SEJARAH DAN KEUTAMAAN PUASA ASYURA
Sesungguhnya
hari Asyura (10 Muharram) meski merupkan hari bersejarah dan
diagungkan, namun orang tidak boleh berbuat bid’ah di dalamnya.

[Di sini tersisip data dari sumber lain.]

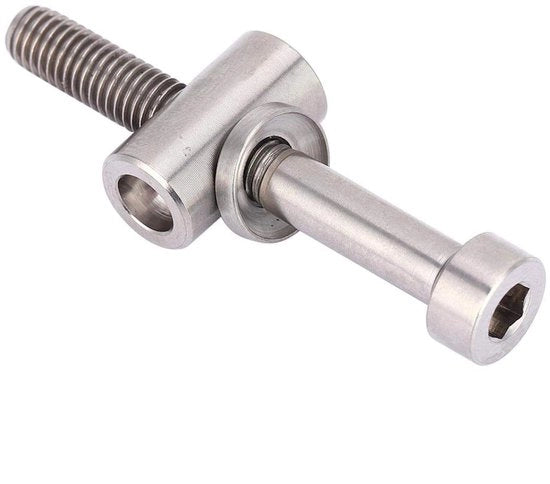 Viti per sella a dente di leva M5x30/35/40mm - Lega di titanio leggera - Resistente alla corrosione - Lavorazione CNC precisa - Duraturo - Connessione fissa - Viti per bicicletta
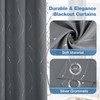 BUHUA Blackout Curtains for Bedroom 2 Panels Set, Grommet Thermal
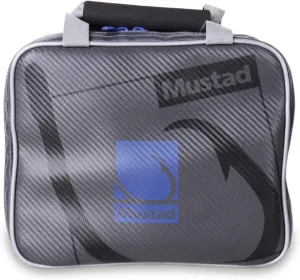 Mustad Rigger Bag, 10"x8"x2.5" Water-Resistant Single Rigger Wallet with Organizer Pockets & Rear Velcro Straps, Fishing Essentials Gear Bag, 500 Denier Tarpaulin Nylon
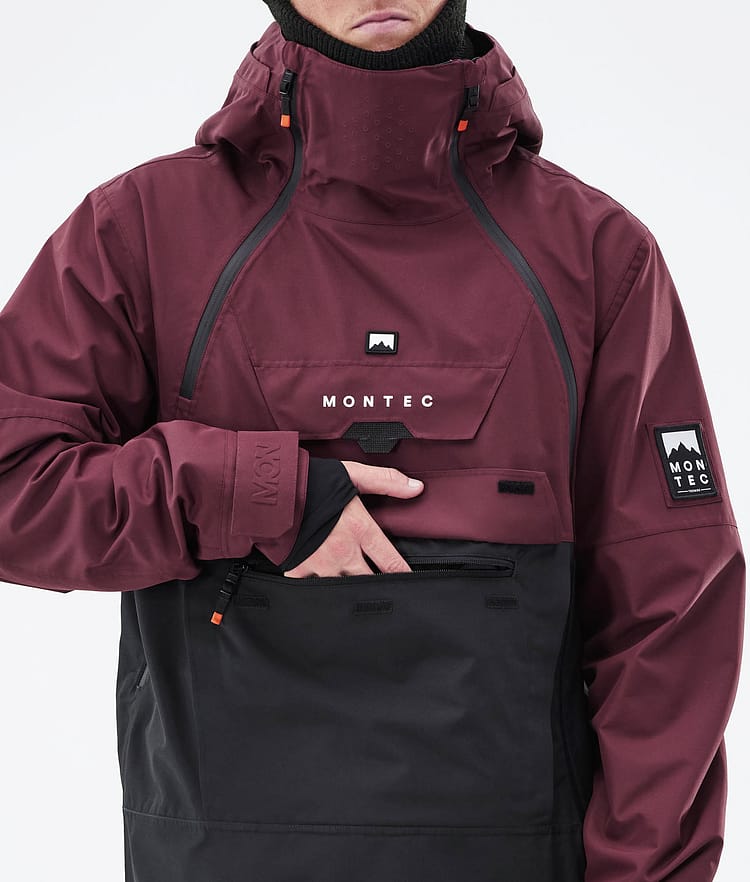 Montec Doom 21 Snowboardjacka Herr Burgundy/Black, Image 11 of 13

Adapun yang dituntunkan syariat kepada kita pada hari itu hanyalah
berpuasa, dengan dijaga agar jangan sampai tasyabbuh dengan orang
Yahudi.
أَنَّ
عَائِشَةَ رَضِي الهُِ عَنْهَا قَالَتْ كَانَ يَوْمُ عَاشُورَاءَ
تَصُومُهُ قُرَيْشٌ فِي الْجَاهِلِيَّةِ وَكَانَ رَسُولُ الهِن صَلَّى
الهَُ عَلَيْهِ وَسَلَّمَ يَصُومُهُ فَلَمَّا قَدِمَ الْمَدِينَةَ صَامَهُ
وَأَمَرَ بِصِيَامِهِ …
“Orang-orang
Quraisy biasa berpuasa pada hari asyura di masa jahiliyyah, Rasulullah
Shallallahu ‘alaihi wa sallam pun melakukannya pada masa
jahiliyyah. Tatkala beliau sampai di Madinah beliau berpuasa pada hari
itu dan memerintahkan umatnya untuk berpuasa.” [1]
قَدِمَ
النَّبِيُّ صَلَّى الهُم عَلَيْهِ وَسَلَّمَ الْمَدِينَةَ فَرَأَى
الْيَهُودَ تَصُومُ يَوْمَ عَاشُورَاءَ فَقَالَ مَا هَذَا قَالُوا هَذَا
يَوْمٌ صَالِحٌ هَذَا يَوْمٌ نَجَّى الهُل بَنِي إِسْرَائِيلَ مِنْ
عَدُوِّهِمْ فَصَامَهُ مُوسَى شُكْرًا قَالَ فَأَنَا أَحَقُّ بِمُوسَى
مِنْكُمْ نَحْنُ نَصُوْمُهُ تَعْظِيْمًا لَهُ
“Nabi
Shallallahu ‘alaihi wa sallam tiba di Madinah, kemudian beliau
melihat orang-orang Yahudi berpuasa pada hari Asyura. Beliau bertanya
:”Apa ini?”
Mereka menjawab :”Sebuah hari yang baik, ini adalah hari dimana
Allah menyelamatkan bani Israil dari musuh mereka, maka Musa berpuasa
pada hari itu sebagai wujud syukur. Maka beliau Rasulullah menjawab :”Aku
lebih berhak terhadap Musa daripada kalian (Yahudi), maka kami akan
berpuasa pada hari itu sebagai bentuk pengagungan kami terhadap hari itu.” [2]
Dua
hadits ini menunjukkan bahwa suku Quraisy berpuasa pada hari Asyura di
masa jahiliyah, dan sebelum hijrahpun Nabi Shallallahu ‘alaihi wa
sallam telah melakukannya. Kemudian sewaktu tiba di Madinah, beliau
temukan orang-orang Yahudi berpuasa pada hari itu, maka Nabi-pun
berpuasa dan mendorong umatnya untuk berpuasa.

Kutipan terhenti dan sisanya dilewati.